この年(昭和26年)の平和祭には、米兵20名が招待される異例のものとなった。朝鮮半島情勢に揺れ動く世界にあって、米兵の奮闘ぶりを称え、様々な配慮がなされたのである。

<北鮮動乱に五十回以上出撃したパイロット二十名を招待午前八時半の慰霊祭に参列する>(「中国新聞」昭和26年8月5日)

 さらに、勇敢なる英雄として称えるために、<これらはテレビジョンにとり『空軍勇士広島の一日』として全米に放送される>(同前)というのだ。また、これだけではなかった。米軍岩国基地の好意から、飛行機を飛ばし、花束の投下が計画された。

 

<午前八時半には、本社(中国新聞社)委託の花束を供養塔の上空からパラシュートで落とすことになっている>(同前)

 この花束を取得された方は、供養塔へ供えていただきたいという旨の記事までが、掲載された。

 時代は変わっていく。日本が大東亜共栄圏を築くために行った戦争が終結し、世界情勢は日本の民主国家として歩むことが確定的となった。サンフランシスコ講和会議を前に、再軍備はおろか、軍国主義の再来など、到底考えられない時代となった。

 

揺れ動く朝鮮半島情勢下

 しかし、日本海を挟んだ朝鮮半島においては、自由主義国家と、共産主義圏の国々がしのぎを削っているのだ。

 朝鮮動乱発生から1年あまりが経過し、“いよいよ休戦か”“交渉は決裂するのか”。その動向に世界の注目が集まっていた。北朝鮮側38度線付近には、ケーソンという緩衝地帯があった。休戦交渉を本格化させようかという最中、そのケーソンに、北朝鮮軍が武装兵を配置したとされる。このことは、ダグラス・マッカーサー後任である、マシュー・リッジウエイ司令長官の思いにさわった。
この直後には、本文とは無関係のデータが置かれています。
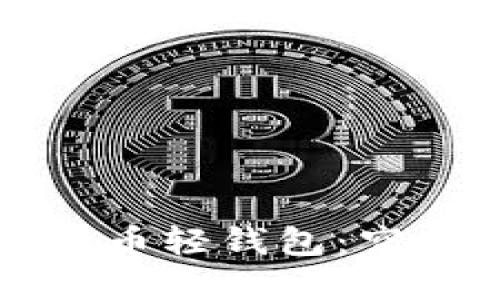 深入了解比特币轻钱包：空间与使用指南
<武装部隊が、開城(ケーソン)の休戦会場場から約百ヤード以内でみられたことは目撃者によって公式に立証された>(「中国新聞」昭和26年8月6日)

 

 この時期は休戦に向けて、1歩進めば、2歩後退するということが続いていた。なぜ、緩衝地帯に武装部隊を配置するのか――連合国軍側はナーバスな対応に切り替わり、休戦協定は打ち切られていく。再び戦火の場と化すのである。実際に休戦となったのは、昭和28年のことである。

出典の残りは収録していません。